[Tinyos-host-mote-wg] Re: [Tinyos-2.0wg] Interrupt interface

David Gay dgay42 at gmail.com
Thu Oct 20 14:36:39 PDT 2005


On 10/20/05, Phil Buonadonna <pbuonadonna at archedrock.com> wrote:
>
> The 'enable' function of the interrupt interface
> (tos/interfaces/Interrup.nc) takes as an argument a flag to determine wether
> it should fire on a rising or falling edge.  This implies that the interrupt
> is based on a digital signal transition (i.e. a GPIO pin) rather than a
> generic peripheral interrupt in which there is no notion of 'edge
> transition' but rather just an event.
>
> The docs of the interface say that it is microcontroller independent, but it
> really isn't in this case. It is specific to 1) Digital (GPIO) signals and
> 2) interrupt controllers that can fire on only one type of transition:
> rising OR falling BUT NOT both. (As I understand it, this is because the
> ATmega128 is limited to this case)
>
> Proposals:
> 1) Move interrupt to a new interface called GPIOInterrupt and create a new
> Interrupt.nc in which there is only an enable feature.
> -or- 2) Keep the present interface, but document 'enable()' where the
> argument is optional (seems kludgy)
>
> As for the double edge trigger issue, one option is to simply not accomodate
> this function in TOS 2.0.  That is, in TOS 2.0 you can define a GPIO trigger
> on a rising edge XOR falling edge. Which is fine, if that's the consensus.
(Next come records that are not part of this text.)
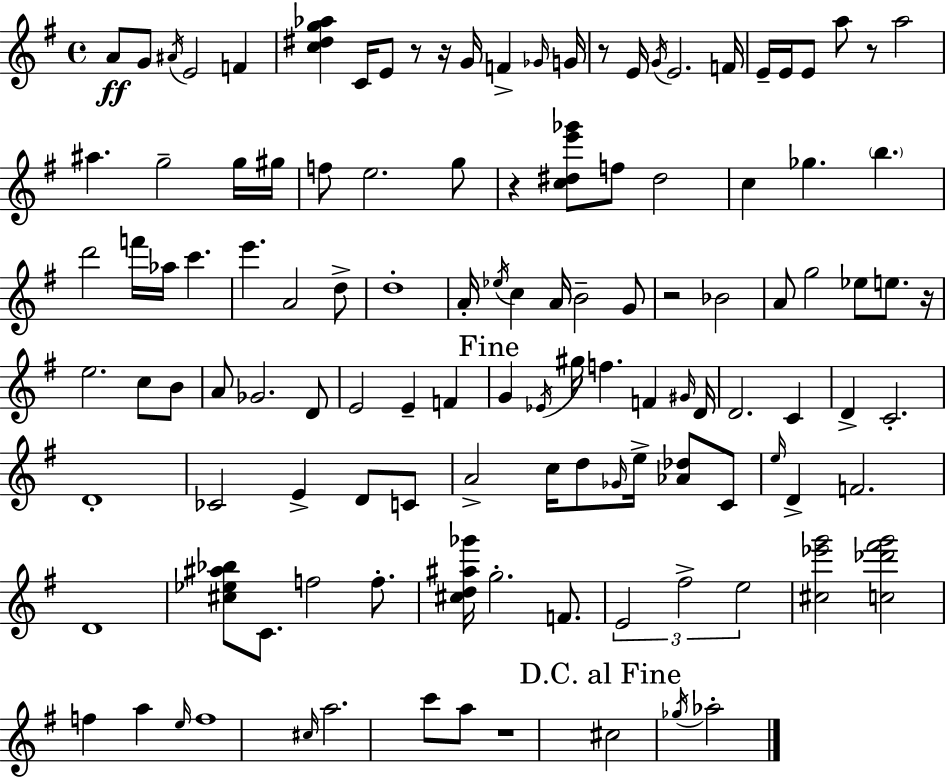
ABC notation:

X:1
T:Untitled
M:4/4
L:1/4
K:G
A/2 G/2 ^A/4 E2 F [c^dg_a] C/4 E/2 z/2 z/4 G/4 F _G/4 G/4 z/2 E/4 G/4 E2 F/4 E/4 E/4 E/2 a/2 z/2 a2 ^a g2 g/4 ^g/4 f/2 e2 g/2 z [c^de'_g']/2 f/2 ^d2 c _g b d'2 f'/4 _a/4 c' e' A2 d/2 d4 A/4 _e/4 c A/4 B2 G/2 z2 _B2 A/2 g2 _e/2 e/2 z/4 e2 c/2 B/2 A/2 _G2 D/2 E2 E F G _E/4 ^g/4 f F ^G/4 D/4 D2 C D C2 D4 _C2 E D/2 C/2 A2 c/4 d/2 _G/4 e/4 [_A_d]/2 C/2 e/4 D F2 D4 [^c_e^a_b]/2 C/2 f2 f/2 [^cd^a_g']/4 g2 F/2 E2 ^f2 e2 [^c_e'g']2 [c_d'^f'g']2 f a e/4 f4 ^c/4 a2 c'/2 a/2 z4 ^c2 _g/4 _a2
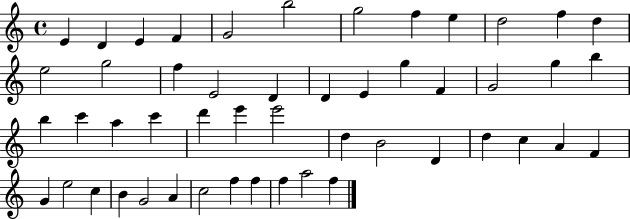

There's more options than rising, falling, or both. The two obvious
missing ones are high and low-level - for instance, the atmega128 does
rising, falling and low, and on some pins only, both falling and
rising... (fun, no?)

>From this, and the fact that there's no clear subset of pin-interrupt
conditions, I'd like to suggest the following:

- there's a generic Interrupt interface with just
enable/disable/fired, with no arguments.
- option 1) each microcontroller gets its own XXXPinInterrupt
interface - some platforms may even get several if they are like the
atmega128; these interfaces allow you to configure the pin's behaviour
at enable time
- option 2) each microcontroller offers generic components with
microcontroller-specific arguments specifying the interrupt rules, but
these components offer the no-argument Interrupt interface

Note that option 1 and 2 are not incompatible... (2 can/should? be built in 1)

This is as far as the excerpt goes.